> _EXERCISE DIRECTIONS_
Find the line with "NWT Free People" in the entries below, then output every line from it down to the line with "Engage in the", exactly and with no pictures.

> _ENTRIES SHOWN_

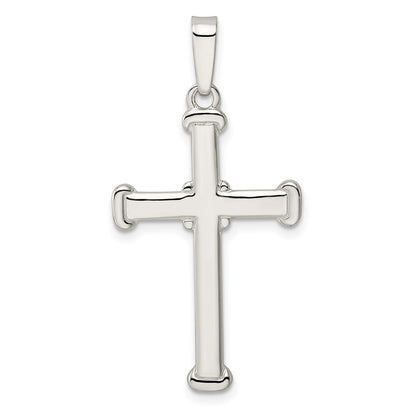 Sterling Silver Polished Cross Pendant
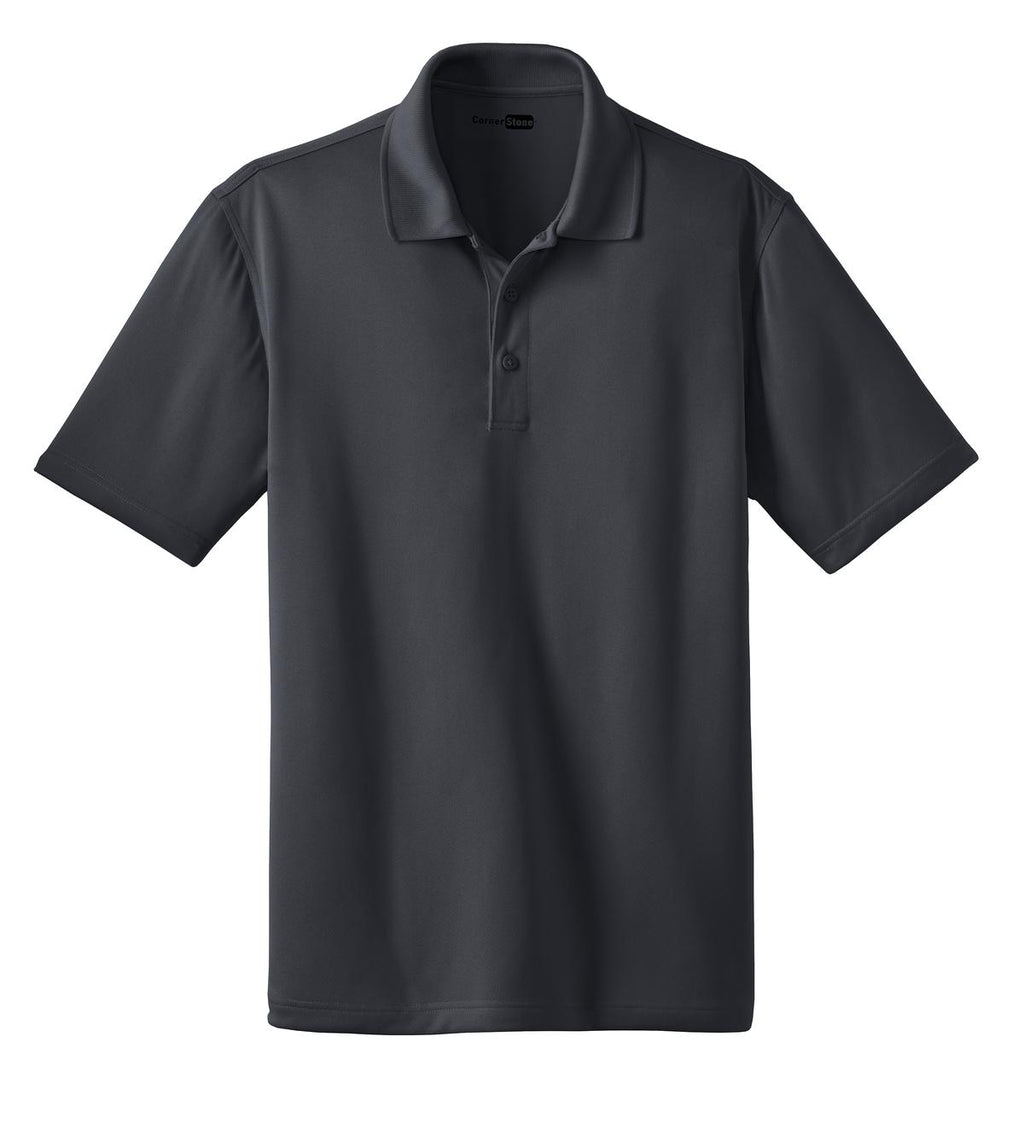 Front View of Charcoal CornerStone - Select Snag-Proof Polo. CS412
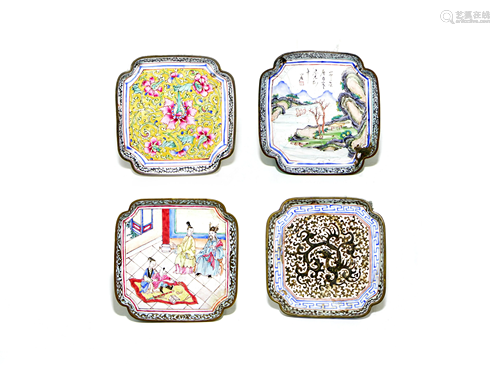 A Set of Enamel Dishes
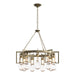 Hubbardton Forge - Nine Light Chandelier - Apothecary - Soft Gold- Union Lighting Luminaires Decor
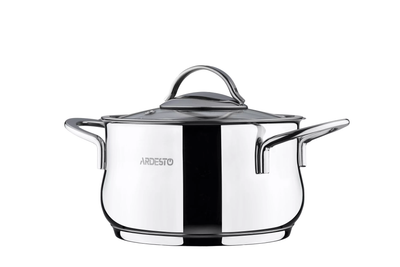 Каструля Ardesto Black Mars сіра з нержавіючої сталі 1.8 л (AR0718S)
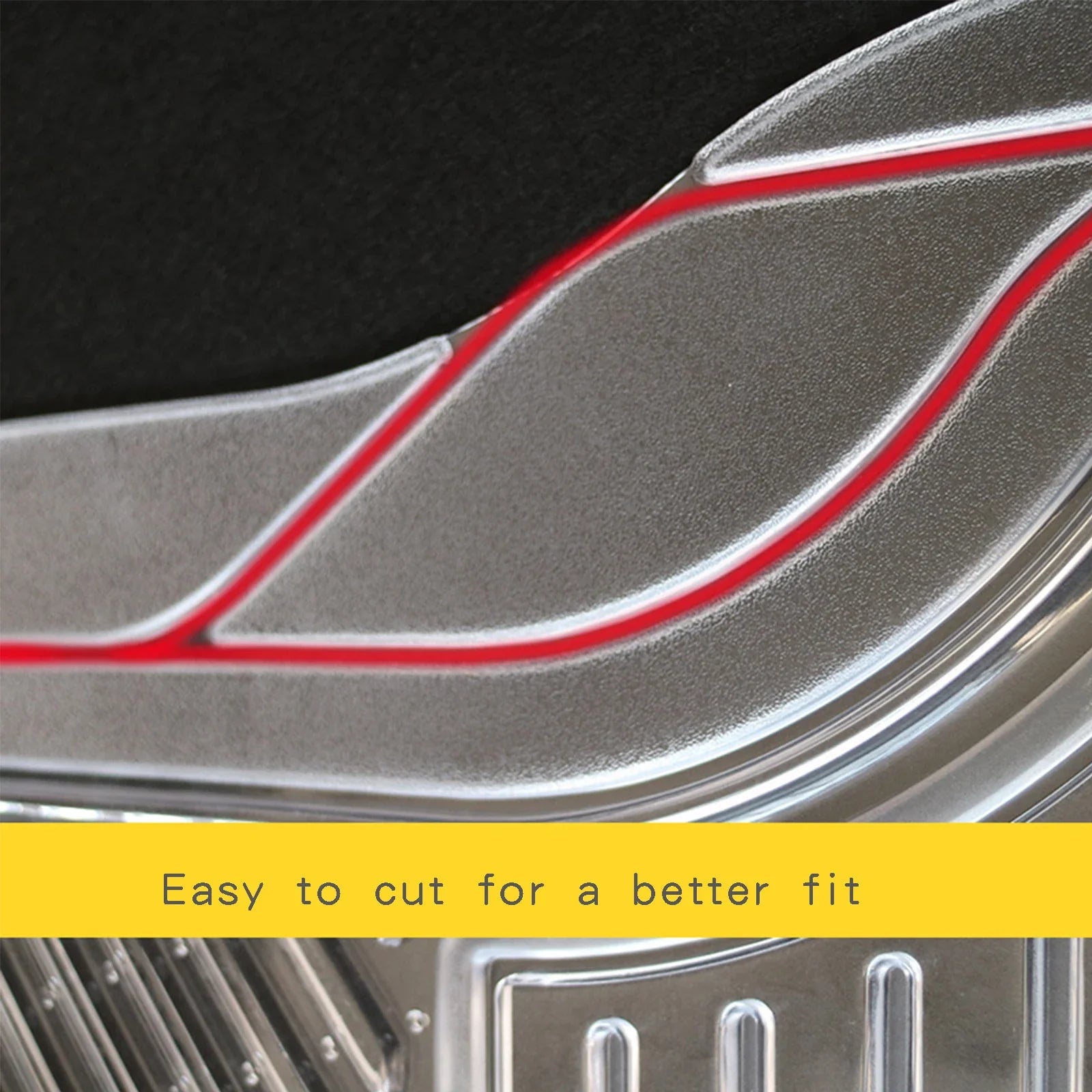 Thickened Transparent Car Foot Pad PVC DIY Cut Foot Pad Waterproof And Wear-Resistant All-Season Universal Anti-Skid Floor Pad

...

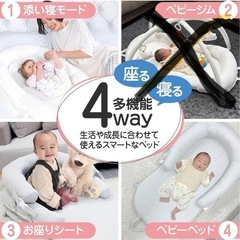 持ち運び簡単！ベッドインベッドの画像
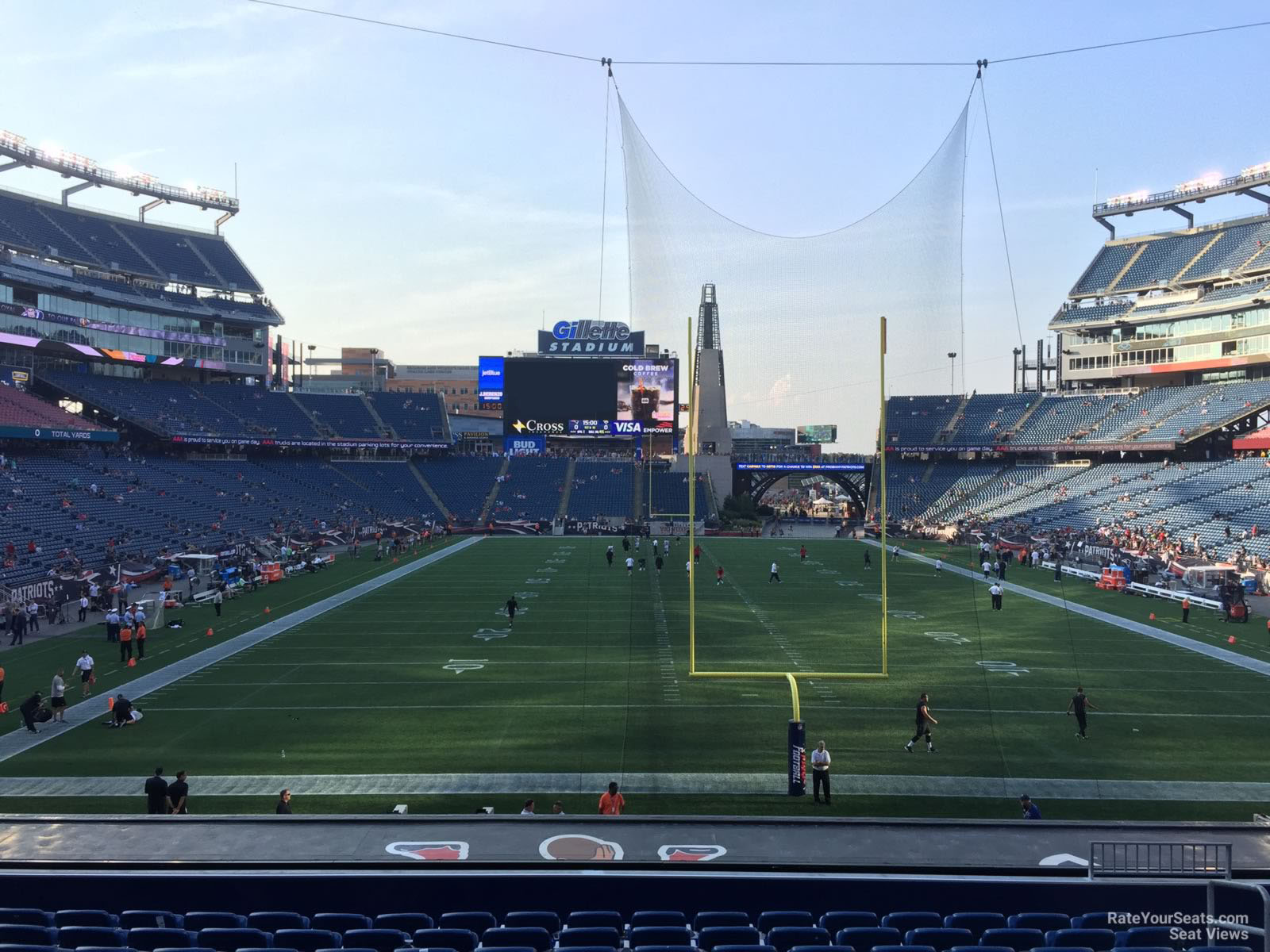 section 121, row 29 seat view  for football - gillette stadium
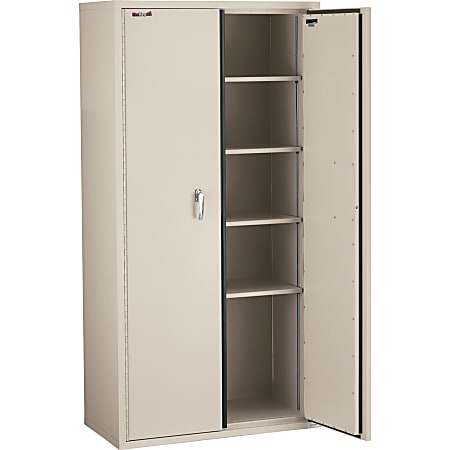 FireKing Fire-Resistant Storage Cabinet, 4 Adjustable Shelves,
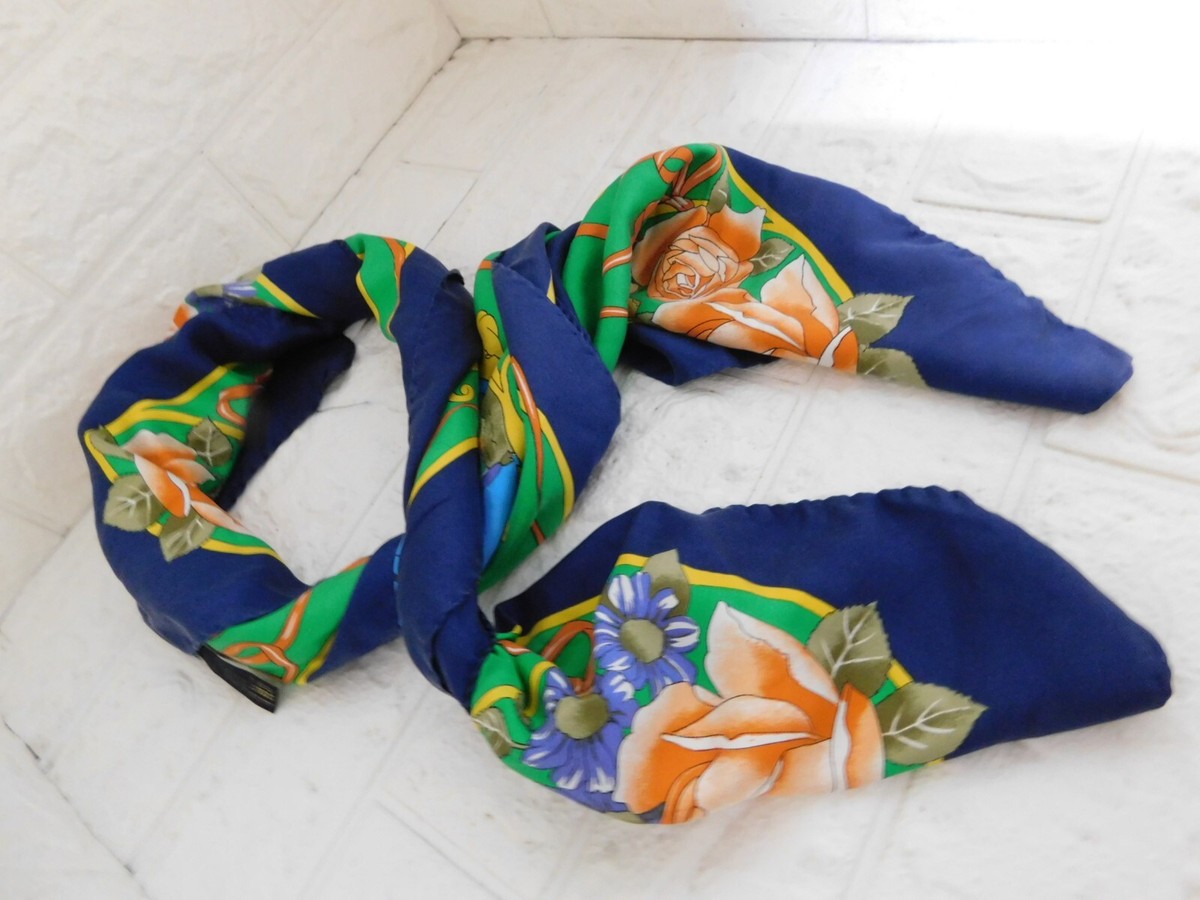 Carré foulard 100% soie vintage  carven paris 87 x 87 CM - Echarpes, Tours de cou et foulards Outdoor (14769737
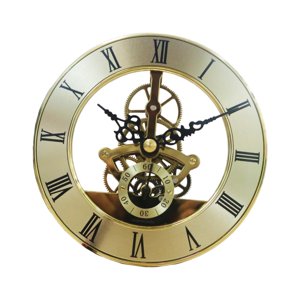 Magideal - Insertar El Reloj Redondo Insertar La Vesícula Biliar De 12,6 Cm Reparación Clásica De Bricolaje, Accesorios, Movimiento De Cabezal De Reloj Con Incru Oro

==

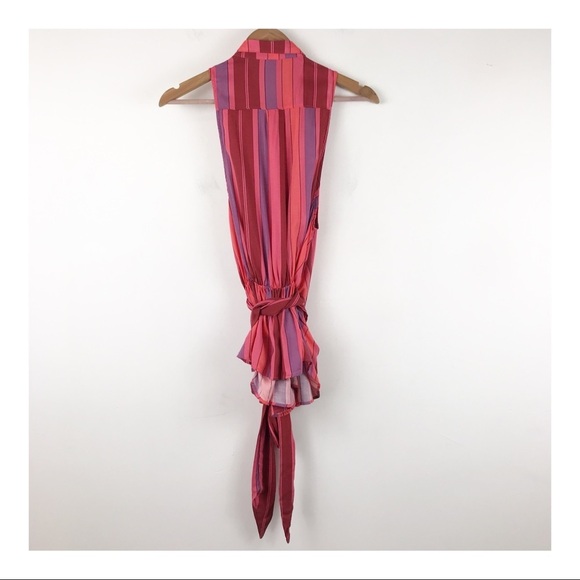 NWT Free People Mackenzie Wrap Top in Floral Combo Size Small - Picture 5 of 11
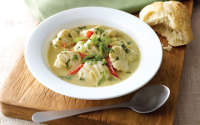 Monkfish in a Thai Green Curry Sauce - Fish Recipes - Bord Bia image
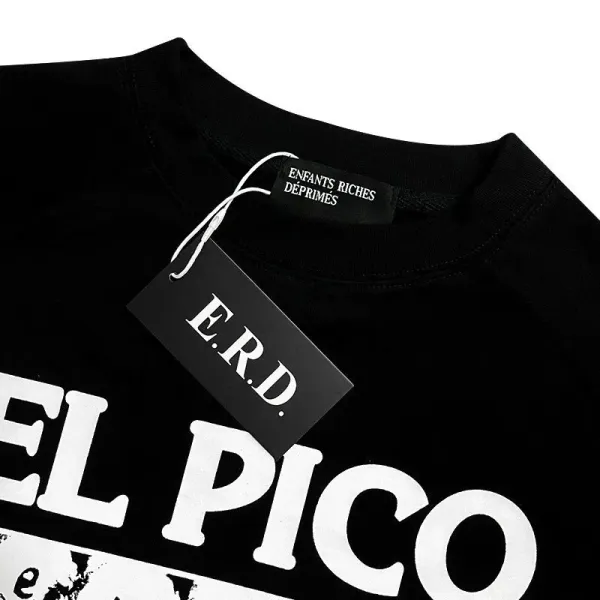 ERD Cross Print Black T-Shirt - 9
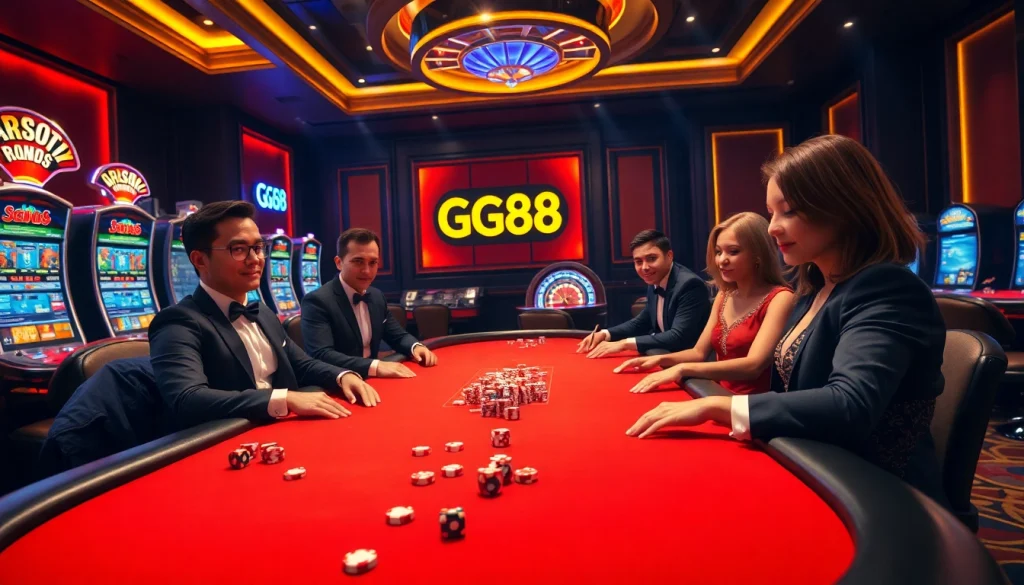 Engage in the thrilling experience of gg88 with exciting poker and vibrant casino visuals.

> _PROBLEM SOLUTION_
 NWT Free People Mackenzie Wrap Top in Floral Combo Size Small - Picture 5 of 11
 Monkfish in a Thai Green Curry Sauce - Fish Recipes - Bord Bia image
 ERD Cross Print Black T-Shirt - 9
 Engage in the thrilling experience of gg88 with exciting poker and vibrant casino visuals.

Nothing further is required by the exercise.